### REQUIRED ACTION
Using the listing below, retype exactly the lines starting at the one with "Large garden shop corner sofa" and ending at the one with "Detail Gallery Image", and include both.

### RAW DATA
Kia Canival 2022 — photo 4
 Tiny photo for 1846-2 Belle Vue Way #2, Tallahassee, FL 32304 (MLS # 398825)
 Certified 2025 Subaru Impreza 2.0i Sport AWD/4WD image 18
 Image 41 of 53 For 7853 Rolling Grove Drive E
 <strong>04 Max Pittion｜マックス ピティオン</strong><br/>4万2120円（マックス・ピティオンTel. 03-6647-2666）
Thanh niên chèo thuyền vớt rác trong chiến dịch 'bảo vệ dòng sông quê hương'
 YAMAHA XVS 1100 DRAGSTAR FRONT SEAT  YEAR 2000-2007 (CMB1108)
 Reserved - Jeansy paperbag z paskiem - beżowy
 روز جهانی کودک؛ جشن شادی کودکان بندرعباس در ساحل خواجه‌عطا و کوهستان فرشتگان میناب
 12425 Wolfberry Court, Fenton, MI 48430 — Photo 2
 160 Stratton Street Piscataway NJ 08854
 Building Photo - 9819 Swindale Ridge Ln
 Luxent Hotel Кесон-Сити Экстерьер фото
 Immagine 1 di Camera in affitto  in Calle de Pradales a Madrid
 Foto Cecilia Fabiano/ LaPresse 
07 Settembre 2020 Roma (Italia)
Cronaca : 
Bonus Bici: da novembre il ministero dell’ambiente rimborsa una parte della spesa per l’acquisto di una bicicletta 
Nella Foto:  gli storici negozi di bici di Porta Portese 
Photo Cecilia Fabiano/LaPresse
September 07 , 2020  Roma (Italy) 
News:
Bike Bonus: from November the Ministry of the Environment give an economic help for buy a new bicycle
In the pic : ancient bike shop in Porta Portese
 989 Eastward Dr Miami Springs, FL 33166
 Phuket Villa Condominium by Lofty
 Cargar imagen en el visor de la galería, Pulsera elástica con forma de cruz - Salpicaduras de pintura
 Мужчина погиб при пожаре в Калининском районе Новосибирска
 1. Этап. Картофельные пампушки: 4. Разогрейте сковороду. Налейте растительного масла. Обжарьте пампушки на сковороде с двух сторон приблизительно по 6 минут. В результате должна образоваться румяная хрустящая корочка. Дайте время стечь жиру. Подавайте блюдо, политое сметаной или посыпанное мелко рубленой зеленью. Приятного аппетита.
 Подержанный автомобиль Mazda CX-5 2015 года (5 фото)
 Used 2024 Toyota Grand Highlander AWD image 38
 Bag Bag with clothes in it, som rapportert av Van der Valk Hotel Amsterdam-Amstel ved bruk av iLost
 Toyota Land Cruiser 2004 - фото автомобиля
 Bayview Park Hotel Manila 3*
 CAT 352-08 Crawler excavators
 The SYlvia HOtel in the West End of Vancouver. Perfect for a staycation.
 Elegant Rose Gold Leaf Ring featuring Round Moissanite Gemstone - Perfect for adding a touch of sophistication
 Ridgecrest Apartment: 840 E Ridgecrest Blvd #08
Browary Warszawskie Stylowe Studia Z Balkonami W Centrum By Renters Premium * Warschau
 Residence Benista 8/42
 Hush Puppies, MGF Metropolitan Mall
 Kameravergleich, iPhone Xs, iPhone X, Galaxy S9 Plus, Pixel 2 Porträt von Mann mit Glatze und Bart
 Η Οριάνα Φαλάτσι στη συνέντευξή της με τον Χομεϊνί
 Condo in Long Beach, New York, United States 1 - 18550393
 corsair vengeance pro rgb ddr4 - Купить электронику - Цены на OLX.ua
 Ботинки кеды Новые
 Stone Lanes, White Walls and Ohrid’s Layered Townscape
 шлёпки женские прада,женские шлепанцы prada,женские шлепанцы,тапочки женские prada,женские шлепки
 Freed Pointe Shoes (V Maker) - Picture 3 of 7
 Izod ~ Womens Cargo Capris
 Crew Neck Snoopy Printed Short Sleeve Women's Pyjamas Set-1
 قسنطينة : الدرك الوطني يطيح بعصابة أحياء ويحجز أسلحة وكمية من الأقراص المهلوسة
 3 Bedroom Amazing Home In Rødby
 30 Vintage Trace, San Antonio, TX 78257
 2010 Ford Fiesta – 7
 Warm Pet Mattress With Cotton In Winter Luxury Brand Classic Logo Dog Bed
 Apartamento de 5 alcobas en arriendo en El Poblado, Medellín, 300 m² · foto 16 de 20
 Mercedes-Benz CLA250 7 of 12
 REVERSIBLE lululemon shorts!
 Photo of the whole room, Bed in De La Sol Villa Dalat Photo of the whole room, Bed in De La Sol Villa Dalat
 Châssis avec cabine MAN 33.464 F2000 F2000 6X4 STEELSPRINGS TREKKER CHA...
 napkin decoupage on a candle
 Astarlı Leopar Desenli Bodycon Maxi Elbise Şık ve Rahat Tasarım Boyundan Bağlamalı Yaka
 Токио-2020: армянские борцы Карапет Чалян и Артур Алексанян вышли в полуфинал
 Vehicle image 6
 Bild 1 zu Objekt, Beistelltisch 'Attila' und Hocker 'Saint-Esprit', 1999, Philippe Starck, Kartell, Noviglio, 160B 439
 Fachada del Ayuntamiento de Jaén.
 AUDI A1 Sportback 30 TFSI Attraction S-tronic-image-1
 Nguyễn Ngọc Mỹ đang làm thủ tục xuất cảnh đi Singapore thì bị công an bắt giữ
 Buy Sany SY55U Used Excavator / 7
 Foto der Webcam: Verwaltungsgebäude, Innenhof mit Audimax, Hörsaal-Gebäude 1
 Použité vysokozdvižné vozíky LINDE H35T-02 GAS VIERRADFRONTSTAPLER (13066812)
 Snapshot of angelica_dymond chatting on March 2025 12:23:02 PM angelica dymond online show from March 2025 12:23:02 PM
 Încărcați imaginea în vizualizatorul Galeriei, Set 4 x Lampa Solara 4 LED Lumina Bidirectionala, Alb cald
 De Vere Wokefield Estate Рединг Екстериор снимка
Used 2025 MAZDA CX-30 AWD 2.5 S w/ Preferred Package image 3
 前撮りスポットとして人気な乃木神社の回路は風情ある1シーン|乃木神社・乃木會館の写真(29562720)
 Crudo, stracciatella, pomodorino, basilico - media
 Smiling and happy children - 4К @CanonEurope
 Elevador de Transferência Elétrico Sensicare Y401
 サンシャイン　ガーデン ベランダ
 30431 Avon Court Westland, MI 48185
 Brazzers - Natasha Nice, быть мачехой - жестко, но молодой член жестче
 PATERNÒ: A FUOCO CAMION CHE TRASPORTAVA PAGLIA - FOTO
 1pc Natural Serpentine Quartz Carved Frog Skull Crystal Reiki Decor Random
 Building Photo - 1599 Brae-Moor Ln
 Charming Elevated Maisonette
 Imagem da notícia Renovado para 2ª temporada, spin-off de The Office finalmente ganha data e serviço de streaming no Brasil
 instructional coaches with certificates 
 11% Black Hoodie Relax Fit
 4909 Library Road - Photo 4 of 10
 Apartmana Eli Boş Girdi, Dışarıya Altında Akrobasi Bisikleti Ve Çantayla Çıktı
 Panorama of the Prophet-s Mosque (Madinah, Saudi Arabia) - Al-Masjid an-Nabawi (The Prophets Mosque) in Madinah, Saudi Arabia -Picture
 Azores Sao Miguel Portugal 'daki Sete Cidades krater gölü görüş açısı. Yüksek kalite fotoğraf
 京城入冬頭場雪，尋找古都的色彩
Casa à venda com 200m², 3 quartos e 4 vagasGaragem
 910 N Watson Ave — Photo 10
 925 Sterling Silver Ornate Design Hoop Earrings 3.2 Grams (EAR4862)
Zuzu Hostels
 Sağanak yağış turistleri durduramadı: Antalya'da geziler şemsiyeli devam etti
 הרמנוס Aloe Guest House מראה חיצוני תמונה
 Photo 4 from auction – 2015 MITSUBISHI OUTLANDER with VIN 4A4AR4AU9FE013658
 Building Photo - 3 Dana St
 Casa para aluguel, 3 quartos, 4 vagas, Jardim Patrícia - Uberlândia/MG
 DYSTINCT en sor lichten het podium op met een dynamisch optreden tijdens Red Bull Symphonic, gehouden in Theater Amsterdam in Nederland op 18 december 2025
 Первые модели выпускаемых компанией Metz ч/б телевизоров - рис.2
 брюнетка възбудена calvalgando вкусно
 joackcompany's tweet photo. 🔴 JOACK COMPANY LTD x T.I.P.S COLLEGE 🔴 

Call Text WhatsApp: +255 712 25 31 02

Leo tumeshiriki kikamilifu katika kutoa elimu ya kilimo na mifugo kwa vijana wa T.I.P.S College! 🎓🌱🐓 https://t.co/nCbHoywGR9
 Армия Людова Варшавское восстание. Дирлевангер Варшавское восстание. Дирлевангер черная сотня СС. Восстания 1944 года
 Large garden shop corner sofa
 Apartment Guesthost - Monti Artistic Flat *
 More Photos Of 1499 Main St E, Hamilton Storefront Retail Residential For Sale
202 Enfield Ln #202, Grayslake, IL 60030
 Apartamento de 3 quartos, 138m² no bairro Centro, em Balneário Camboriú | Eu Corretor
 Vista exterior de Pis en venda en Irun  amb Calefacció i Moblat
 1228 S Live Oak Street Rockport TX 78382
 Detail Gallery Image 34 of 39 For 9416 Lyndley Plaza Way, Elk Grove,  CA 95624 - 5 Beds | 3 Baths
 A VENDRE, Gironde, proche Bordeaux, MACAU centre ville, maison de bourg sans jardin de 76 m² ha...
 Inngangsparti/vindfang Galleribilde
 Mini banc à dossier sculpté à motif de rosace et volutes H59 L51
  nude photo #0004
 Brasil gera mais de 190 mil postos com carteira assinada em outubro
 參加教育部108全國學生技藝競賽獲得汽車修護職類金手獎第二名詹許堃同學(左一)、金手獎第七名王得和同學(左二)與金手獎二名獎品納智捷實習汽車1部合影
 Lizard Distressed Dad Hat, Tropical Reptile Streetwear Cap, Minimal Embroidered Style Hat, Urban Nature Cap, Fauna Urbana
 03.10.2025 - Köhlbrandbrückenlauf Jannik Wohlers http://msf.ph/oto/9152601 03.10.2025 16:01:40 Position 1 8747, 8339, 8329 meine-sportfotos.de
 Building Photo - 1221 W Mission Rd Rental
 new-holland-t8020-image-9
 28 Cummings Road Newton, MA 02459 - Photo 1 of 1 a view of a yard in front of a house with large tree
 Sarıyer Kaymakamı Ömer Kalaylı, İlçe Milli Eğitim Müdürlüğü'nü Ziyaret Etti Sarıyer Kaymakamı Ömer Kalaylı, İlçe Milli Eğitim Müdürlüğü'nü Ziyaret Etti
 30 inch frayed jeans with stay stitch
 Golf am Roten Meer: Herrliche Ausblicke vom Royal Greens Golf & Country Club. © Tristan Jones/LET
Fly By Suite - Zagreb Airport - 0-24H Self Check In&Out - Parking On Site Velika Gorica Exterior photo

### SOLVED PROBLEM
 Large garden shop corner sofa
 Apartment Guesthost - Monti Artistic Flat *
 More Photos Of 1499 Main St E, Hamilton Storefront Retail Residential For Sale
202 Enfield Ln #202, Grayslake, IL 60030
 Apartamento de 3 quartos, 138m² no bairro Centro, em Balneário Camboriú | Eu Corretor
 Vista exterior de Pis en venda en Irun  amb Calefacció i Moblat
 1228 S Live Oak Street Rockport TX 78382
 Detail Gallery Image 34 of 39 For 9416 Lyndley Plaza Way, Elk Grove,  CA 95624 - 5 Beds | 3 Baths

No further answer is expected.